Asimilasi Perkawinan Jembatan Budaya
Oleh: Thomson Hutasoit

Pendahuluan.
Seiring perkembangan zaman, proses perkawinan antar suku atau etnik makin galip terjadi dari wktu ke waktu, hal itu merupakan konsekuensi perkembangan ilmu dan teknologi (Iptek) menjadikan ruang jarak antar daerah semakin dekat. Perkembangan zaman semakin maju juga membuat manusia berpikir luas dan terbuka terhadap aneka budaya, adat-istiadat berbeda-beda sehingga proses perkawinan telah melampaui batas-batas pemahaman tradisi konvensional,  yakni melangsungkan perkawinan sesama satu suku atau etnik tertentu.  
Menurut Kamus Besar Bahasa Indonesia (KBBI, 2007) “Asimilasi perkawinan ialah proses terjadinya perkawinan campuran yang berbeda budaya, perilaku, dan golongan”.  Asimilasi perkawinan akan berkonsekuensi penyesuaian diri terhadap kebudayaan dan pola-pola perilaku antar suku atau etnik yang melangsungkan perkawinan tersebut.
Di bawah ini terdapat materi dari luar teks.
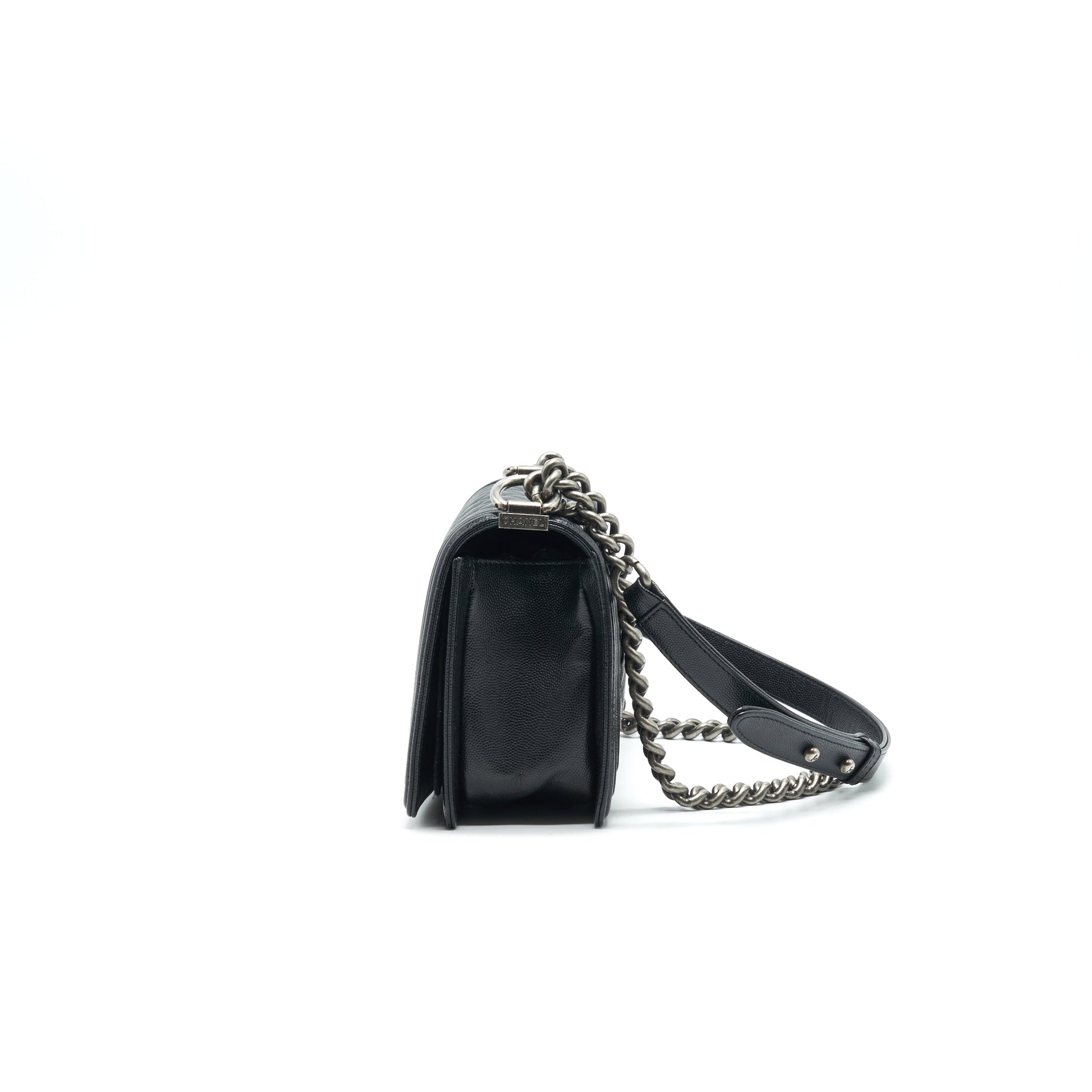 CHANEL MEDIUM BOY CHANEL HANDBAG CAVIAR BLACK SHW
Pola pikir, pola laku tradisonal mengharuskan perkawinan antar satu suku atau etnik yang mempunyai budaya, adat-istiadat yang sama makin lama makin longgar hingga lahir budaya, adat-istiadat campuran disebabkan asimilasi perkawinan tersebut.  
Asimilasi perkawinan antar suku atau etnik harus diakui sangat sulit diterima pada masyarakat tradisional konvensional, bahkan proses perkawinan seperti itu diasumsikan suatu kegagalan membina generasi (anak-red) sebab pada tatanan masyarakat tradisional konvensional perkawinan beda suku atau etnik dianggap sangat tak sesuai tatanan budaya, adat-istiadat suku atau etnik bersangkutan. Bahkan bila terjadi asimilasi perkawinan dianggab “aib”, dan orang tua merasa malu apabila anak-anaknya melangsungkan perkawinan beda suku atau etnik. Asumsi seperti itu sangat dipengaruhi interaksi budaya, adat-istiadat lokal yang masih inklusif menganggap budaya, adat-istiadatnya lebih superior dibandingkan budaya, adat-istiadat pihak lain, serta keterbatasan interaksi dengan suku atau etnik lain dalam kehidupan sehari-hari.
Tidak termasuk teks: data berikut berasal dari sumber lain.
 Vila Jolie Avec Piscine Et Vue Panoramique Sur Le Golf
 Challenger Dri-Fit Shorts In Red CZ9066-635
Asimilasi perkawinan antar suku atau etnik harus diakui bukanlah masalah mudah dan gampang sebab proses perkawinan seperti itu menyatukan budaya, adat-istiadat, pola pikir, pola perilaku berbeda, sehingga dituntut kemampuan saling memahami, saling menerima budaya, adat-istiadat masing-masing. Situasi kondisi demikian menjadi perhatian penting dan serius bagi setiap orang sebelum melangsungkan asimilasi perkawinan agar perkawinan campuran tidak mengalami goncangan ataupun kendala dikemudian hari.  
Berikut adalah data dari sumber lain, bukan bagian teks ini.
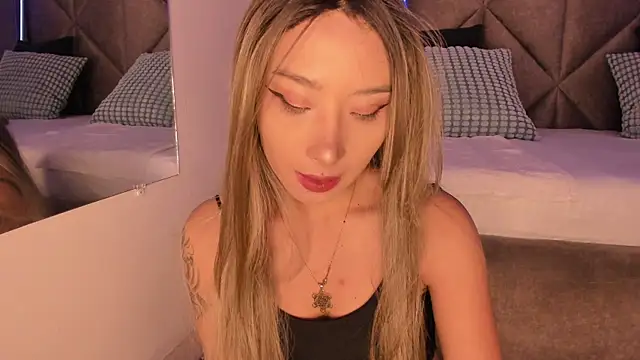 SabrinaSpell  online show from 26, 9, 2025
Dalam ungkapan klasik Batak Toba dikatakan, “Tinallik bulung sihupi, pinarsaong bulung sihala, Unang sumolsol di pudi ndang sipasingot na soada” artinya, jangan menyesal dikemudian hari bukan nasehat tak ada, atau pepatah klasik lain mengatakan, “pikir dahulu pendapatan, sesal kemudian tak berguna”.
Ungkapan klasik ini adalah sebuah wejangan yang perlu dipikirkan matang dan mendetail bagi setiap orang hendak melangsungkan perkawinan campuran antar suku atau etnik, sebab keberanian melangsungkan asimilasi perkawinan dengan segala konsekuensi, termasuk hubungan harmoni keluarga mempelai berbeda budaya, adat-istiadat membutuhkan kemampuan memberi pengertian, pemahaman budaya, adat-istiadat secara timbal balik. Ada adagium klasik Batak Toba mengatakan, “Asing dolok asing sihaporna, Asing luat asing adatna” yang bermakna, bahwa setiap daerah, suku atau etnik memiliki budaya, adat-istiadat berbeda-beda satu sama lain. Dan perbedaan budaya, adat-istiadat inilah salah satu kendala paling krusial dalam melaksanakan pesta perkawinan campuran yang memiliki budaya, adat-istiadat masing-masing.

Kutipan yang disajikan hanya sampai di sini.